Brambles jumped 4.2 per cent after releasing its full-year results. The pallet-maker expects supply chain disruptions, inflationary pressures and geopolitical unrest to continue in the current financial year, but said it could reach still a double-digit rise in earnings and revenue.
Wall Street overnight had another choppy trading session, though the S&P 500 and the Dow Jones Industrial Average did manage to close higher and extend their recent gains.
The S&P 500 rose 0.2 per cent, its third straight gain. The Dow Jones Industrial Average rose 0.7 per cent, taking its winning streak to a fifth day. The Nasdaq slipped 0.2 per cent.
Bond yields gained ground. The yield on the 10-year US Treasury rose to 2.81 per cent from 2.79 per cent late Monday.
The US market’s latest gyrations came as traders cautiously reviewed mostly encouraging financial results from major retailers.
Walmart jumped 5.1 per cent after the world’s largest brick and mortar retailer reported strong results that topped analysts’ forecasts. Home Depot rose 4.1 per cent after also reporting better-than-expected results. The gains from both companies did much of the heavy lifting for the Dow.

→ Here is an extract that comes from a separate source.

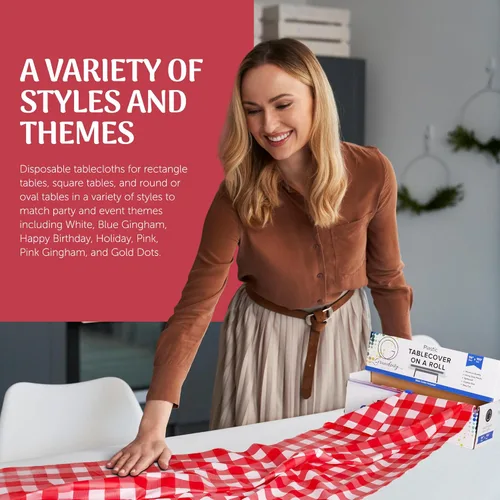 Miniatura 3 de Grandipity Rollo de mantel de plástico, 54 pulgadas x 100 pies, manteles de plástico a cuadros rojos para fiestas, desechable con caja de corte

Technology, health care and energy stocks fell, limiting the broader market’s advance. Broadcom fell 1.3 per cent, Moderna slid 5 per cent for the biggest drop in the S&P 500 and Marathon Oil fell 1.1 per cent.
US crude oil prices fell 3.2 per cent overnight. European markets ended broadly higher and Asian markets closed mixed overnight.
Wall Street had its best month in a year-and-a-half in July, and the winning streak has been continuing into August partially on hopes that inflation is easing. The latest US government report on consumer prices showed that inflation in the world’s largest economy essentially stalled from June to July.
This week’s bumpy trading reflects at least partly a surge in “dip buyers,” or investors swooping in to buy stocks that have traded lower, said Randy Frederick, managing director of trading & derivatives at Charles Schwab.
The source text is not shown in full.